→ **MATERIAL FOR THE TASK**:

★ ★ ★ ★ ★

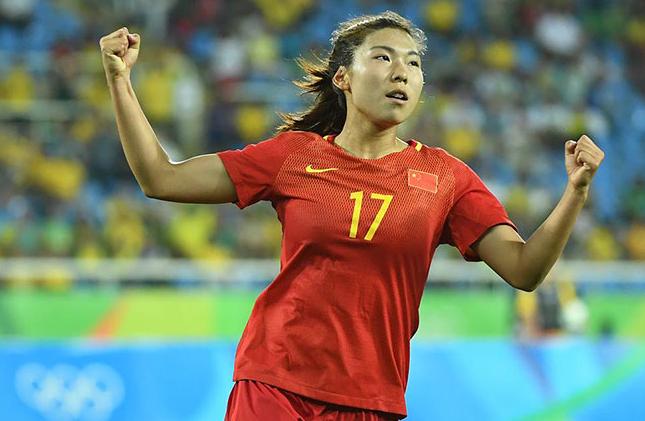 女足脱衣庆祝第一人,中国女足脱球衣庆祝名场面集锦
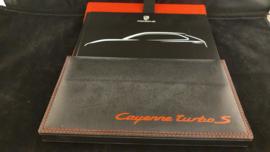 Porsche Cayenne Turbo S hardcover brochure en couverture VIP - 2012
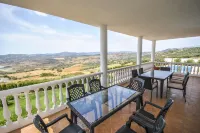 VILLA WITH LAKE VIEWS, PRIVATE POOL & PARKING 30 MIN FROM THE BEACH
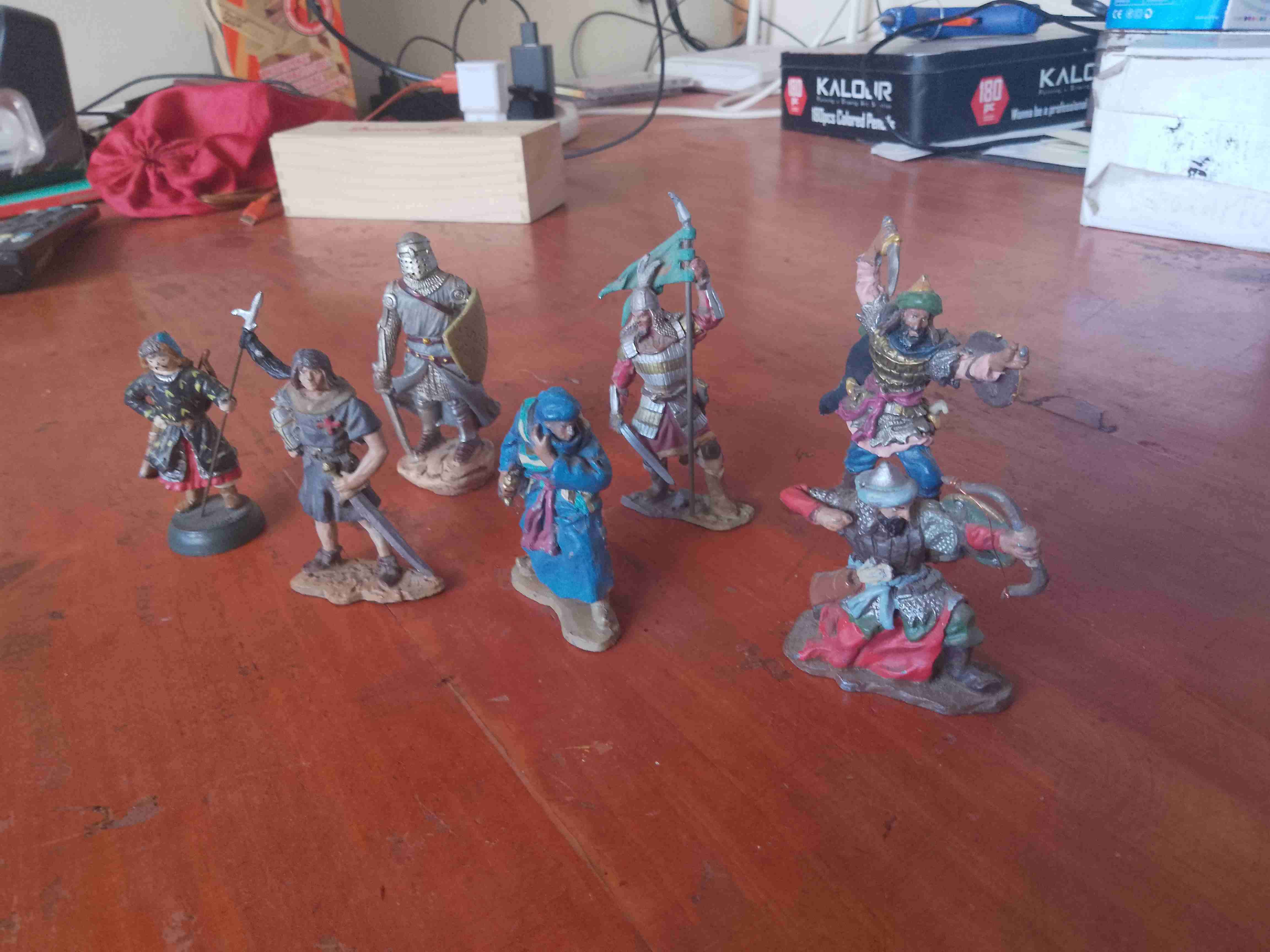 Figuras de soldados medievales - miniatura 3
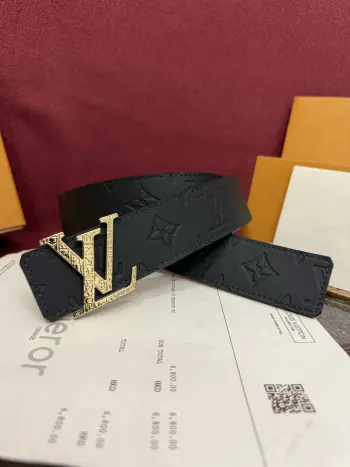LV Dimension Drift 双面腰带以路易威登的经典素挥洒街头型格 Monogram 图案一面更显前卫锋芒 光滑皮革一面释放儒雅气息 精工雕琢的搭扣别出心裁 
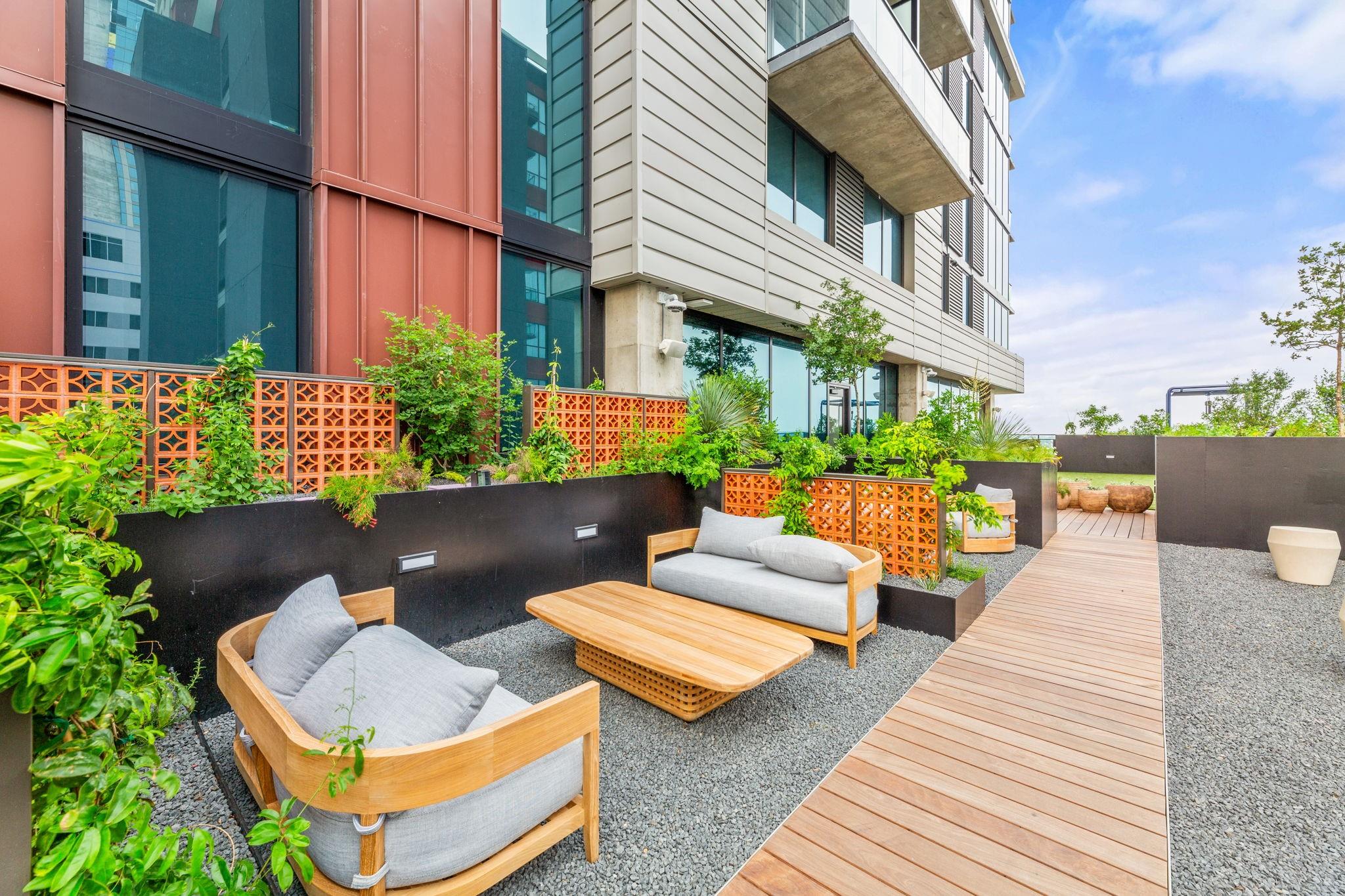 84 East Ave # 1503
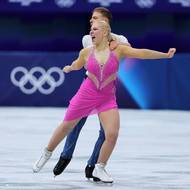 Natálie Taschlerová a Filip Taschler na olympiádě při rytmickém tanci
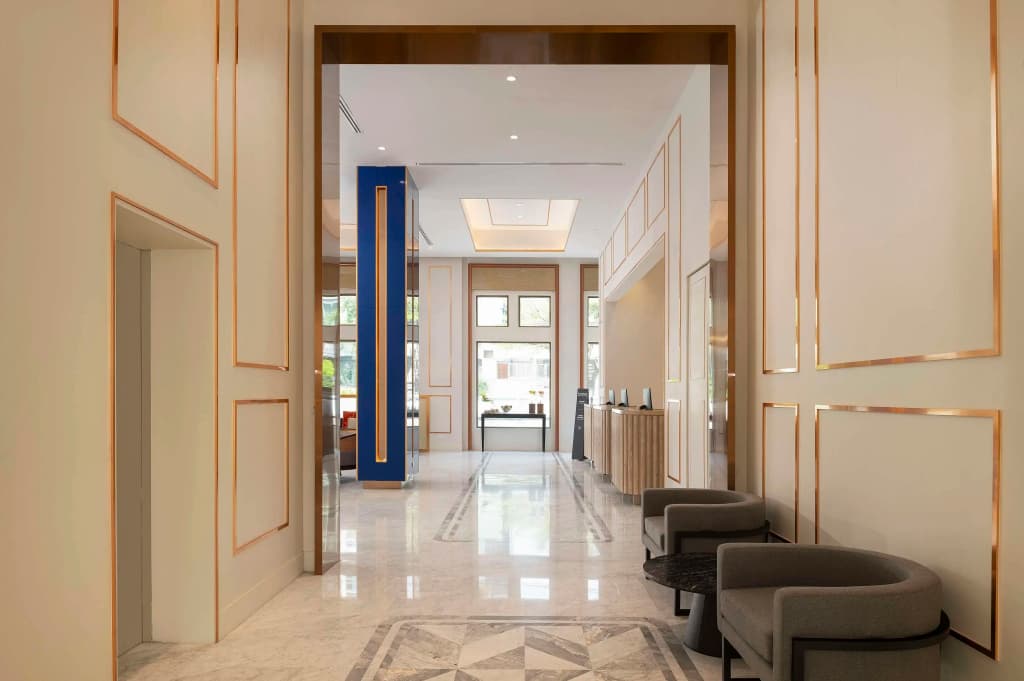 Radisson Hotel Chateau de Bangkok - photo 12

★ ★ ★ ★ ★

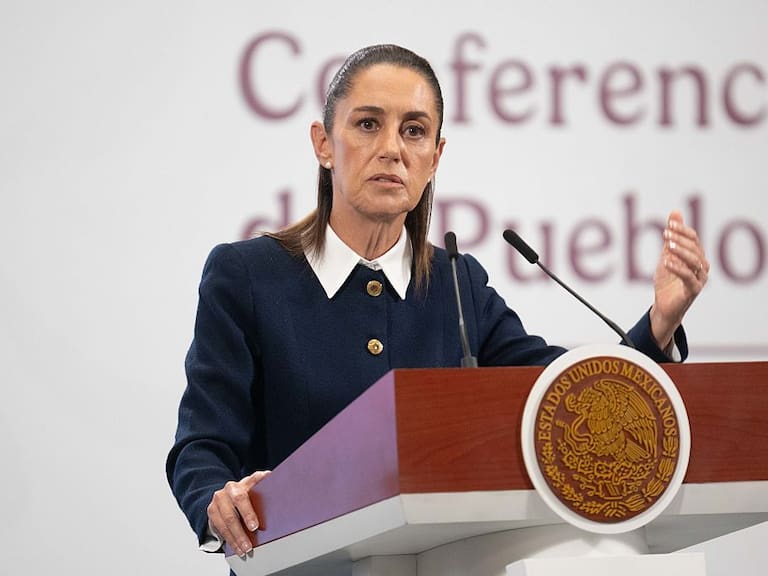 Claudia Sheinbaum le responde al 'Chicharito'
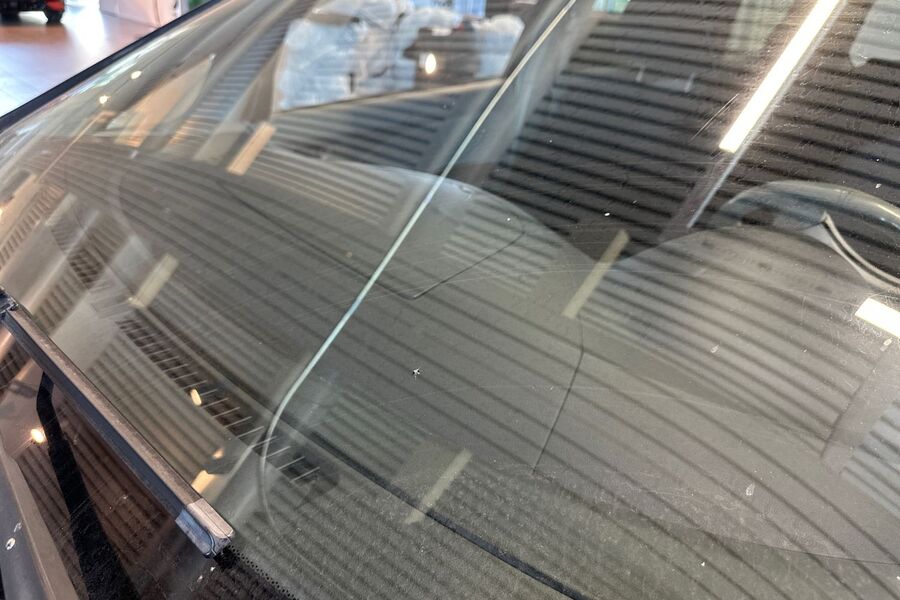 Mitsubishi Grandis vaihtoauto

★ ★ ★ ★ ★

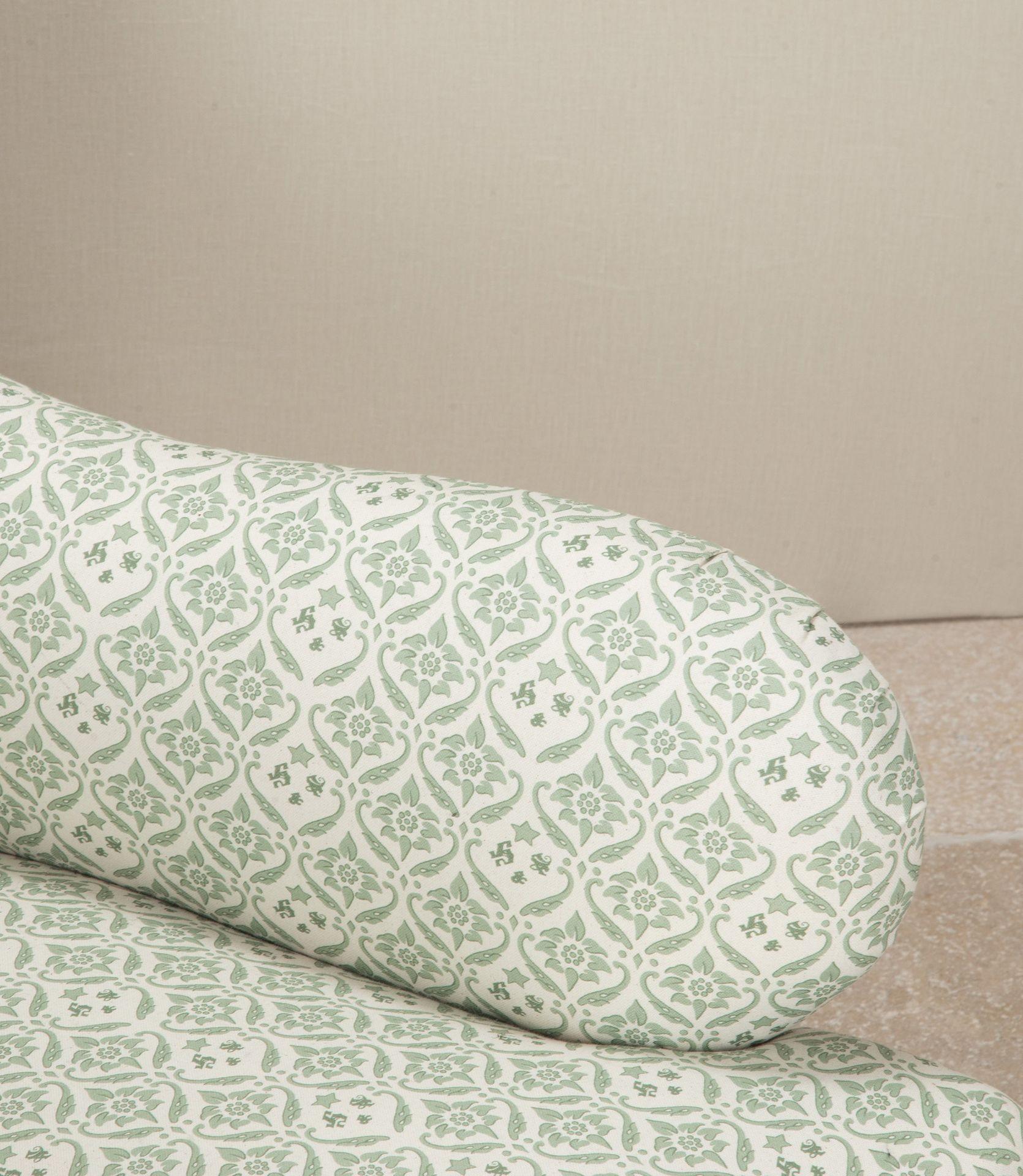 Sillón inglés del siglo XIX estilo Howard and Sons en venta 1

★ ★ ★ ★ ★

→ **EXERCISE**: Using the data above, give again exactly the lines starting at the one holding "女足脱衣庆祝第一人,中国女足脱球衣庆祝名场面集锦" and ending at the one holding "Radisson Hotel Chateau de Bangkok - photo 12", inclusive, and nothing more. Omit the pictures.

→ **REPLY TO THE EXERCISE**:
 女足脱衣庆祝第一人,中国女足脱球衣庆祝名场面集锦
 Porsche Cayenne Turbo S hardcover brochure en couverture VIP - 2012
 VILLA WITH LAKE VIEWS, PRIVATE POOL & PARKING 30 MIN FROM THE BEACH
 Figuras de soldados medievales - miniatura 3
LV Dimension Drift 双面腰带以路易威登的经典素挥洒街头型格 Monogram 图案一面更显前卫锋芒 光滑皮革一面释放儒雅气息 精工雕琢的搭扣别出心裁 
 84 East Ave # 1503
 Natálie Taschlerová a Filip Taschler na olympiádě při rytmickém tanci
 Radisson Hotel Chateau de Bangkok - photo 12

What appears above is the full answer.